Zheng’s stubborn strategy was not in vain. More people began to talk about a delicacy they had never heard about before. New branches of her eatery were opened in Pudong, Yangpu, Jing’an and Changning districts. She registered a trademark for the shaomai, and her son, an artist, designed the logo for the trademark.
But fame and success don’t always equal happiness. Before long, Zheng discovered that Xiashao Shaomai copycats in the city outnumbered her authentic outlets.
The fake franchises have names such as Xiasha Special Shaomai or Xiasha Old Street Shaomai — close enough to Zheng’s trademark to cause confusion. In fact, most people wouldn’t know the difference.
“My friends and relatives often call me and ask if a new franchise that opened near their home is one of mine,” Zheng says. “And no, none of them are, even if they promote themselves as ‘cultural heritage’.”
She never goes to Zhaojialou, an ancient watertown in Minhang District, anymore because of the row of fake Xiasha Shaomai copycats on the street.
She tried to complain to local authorities, but it was in vain.
“If there’s a crackdown on some of the fake franchises, new ones quickly open to take their place,” Zheng says. “We can’t stop it once and for all, maybe because it’s not really that difficult to make shaomai after all.”
The quality of the ingredients, however, does make a difference. Zheng only uses the freshest pork and bamboo shoots, and never uses yesterday’s ingredients in today’s dumplings. That would affect the taste, she said.
The fake franchises, however, care more about cost-cutting than quality, she claims.
“We know that some of them don’t even have business licenses, and they use quite low-quality meat and oil,” she says. “That affects our business because customers don’t know what is genuine and what is not. We once had 12 franchises in the city, but now we have only three.”

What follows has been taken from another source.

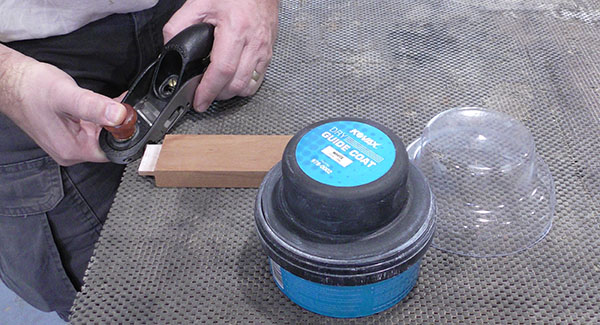 A worker uses Eagle Kovax Dry Coat Guide to mark a tenon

Zheng says she feels frustrated, but her son Gu Zhengyi, the logo designer and a sculptor, is not ready to give up yet.
The former college art teacher decided to quit his job and join his mother in the shaomai business years ago because he believes it is his responsibility to inherit the family business and the cultural heritage of the dumplings. Just as his mother did decades before. She has taught him all the secrets of making truly memorable shaomai.
“In my memories of childhood, my mother was always very busy, and every year after the Peach Blossom Festival, she would fall sick because of overwork,” he says. “I want to protect the brand of Xiasha Shaomai as a local culture and ensure that no shoddy copycats are in the market.”